WHAT TO PRODUCE.
Restating the data word for word is all that is required.

DATA PROVIDED.
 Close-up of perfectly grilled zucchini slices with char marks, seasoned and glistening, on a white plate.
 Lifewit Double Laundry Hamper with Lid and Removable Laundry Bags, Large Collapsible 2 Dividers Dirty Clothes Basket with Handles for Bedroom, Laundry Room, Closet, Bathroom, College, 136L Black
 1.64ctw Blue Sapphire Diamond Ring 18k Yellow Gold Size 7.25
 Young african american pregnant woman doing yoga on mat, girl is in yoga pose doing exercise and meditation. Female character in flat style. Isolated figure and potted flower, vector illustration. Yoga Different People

OUTPUT FOR THIS EXERCISE.
 Close-up of perfectly grilled zucchini slices with char marks, seasoned and glistening, on a white plate.
 Lifewit Double Laundry Hamper with Lid and Removable Laundry Bags, Large Collapsible 2 Dividers Dirty Clothes Basket with Handles for Bedroom, Laundry Room, Closet, Bathroom, College, 136L Black
 1.64ctw Blue Sapphire Diamond Ring 18k Yellow Gold Size 7.25
 Young african american pregnant woman doing yoga on mat, girl is in yoga pose doing exercise and meditation. Female character in flat style. Isolated figure and potted flower, vector illustration. Yoga Different People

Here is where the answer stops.